Grossmann Ruth E, Zughaier Susu M, Kumari Meena, Seydafkan Shabnam, Lyles Robert H, Liu Shuling, Sueblinvong Viranuj, Schechter Michael S, Stecenko Arlene A, Ziegler Thomas R, Tangpricha Vin
Dermatoendocrinol. 2012 Apr 1;4(2):191-7. doi: 10.4161/derm.20332.
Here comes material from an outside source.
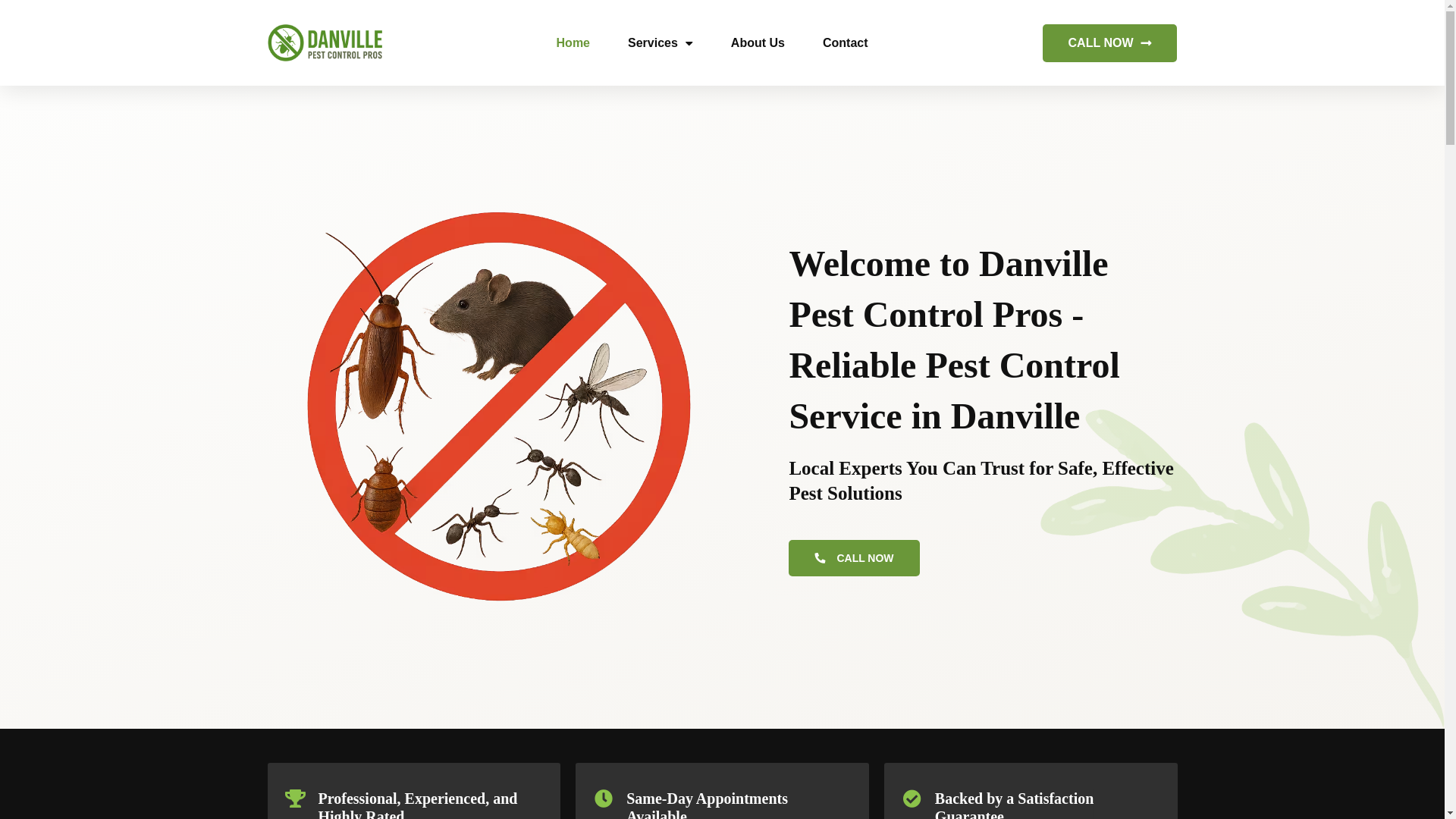 website screenshot of https://danvillepestcontrolpros.com/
Vitamin D insufficiency is common in cystic fibrosis (CF) and vitamin D repletion may have an important role in improving clinical outcomes in CF. This randomized, placebo-controlled, pilot study examined the feasibility and impact of a single, large dose of cholecalciferol on vitamin D status and clinical outcomes in subjects with CF.
Thirty adults with were randomized in a double-blinded, pilot study to receive 250,000 IU cholecalciferol or placebo within 48 h of hospital admission for a pulmonary exacerbation. Concentrations of 25-hydroxyvitamin D (25(OH)D), clinical outcomes and potential adverse events were assessed up to one year after randomization. Mixed effects linear regression models were used to evaluate the difference in mean serum concentrations and log-rank analyses were used to evaluate survival.
Data from all subjects was analyzed. Serum 25(OH)D concentrations increased from a mean of 30.6 ± 3.2 ng/mL to 58.1 ± 3.5 ng/mL (p < 0.001) at one week and 36.7 ± 2.6 ng/mL by 12 weeks (p = 0.06) in the vitamin D group; in contrast, serum 25(OH)D concentrations remained unchanged in the placebo group. Unadjusted, one-year survival and hospital-free days were increased in the vitamin D group (p = 0.029, p = 0.036; respectively). There was also a trend toward increased IV antibiotic therapy-free days in the vitamin D group (p = 0.073). There were no signs of hypervitaminosis D or adverse events. Serum PTH and calcium concentrations were similar across both groups.
In this pilot study, a single, oral bolus of cholecalciferol increased serum 25(OH)D concentrations and was associated with a trend toward improved clinical outcomes in CF subjects hospitalized for a pulmonary exacerbation. Further investigation is needed into the clinical impact of improved vitamin D status in patients with CF.
维生素D缺乏在囊性纤维化(CF)中很常见,补充维生素D可能在改善CF的临床结局中起重要作用。这项随机、安慰剂对照的试点研究,检验了单次大剂量胆钙化醇对CF患者维生素D状态和临床结局的可行性及影响。
30名成年CF患者在一项双盲试点研究中被随机分组,在因肺部加重住院48小时内接受250,000 IU胆钙化醇或安慰剂。在随机分组后长达一年的时间里,评估25-羟维生素D(25(OH)D)浓度、临床结局和潜在不良事件。使用混合效应线性回归模型评估平均血清浓度差异,使用对数秩分析评估生存率。
分析了所有受试者的数据。维生素D组血清25(OH)D浓度在1周时从平均30.6±3.2 ng/mL增至58.1±3.5 ng/mL(p<0.001),12周时为36.7±2.6 ng/mL(p=0.06);相比之下,安慰剂组血清25(OH)D浓度保持不变。未调整情况下,维生素D组1年生存率和无住院天数增加(分别为p=0.029,p=0.036)。维生素D组无静脉抗生素治疗天数也有增加趋势(p=0.073)。没有维生素D过多或不良事件的迹象。两组血清甲状旁腺激素和钙浓度相似。
在这项试点研究中,单次口服大剂量胆钙化醇可提高血清25(OH)D浓度,并与因肺部加重住院的CF患者临床结局改善趋势相关。需要进一步研究改善CF患者维生素D状态的临床影响。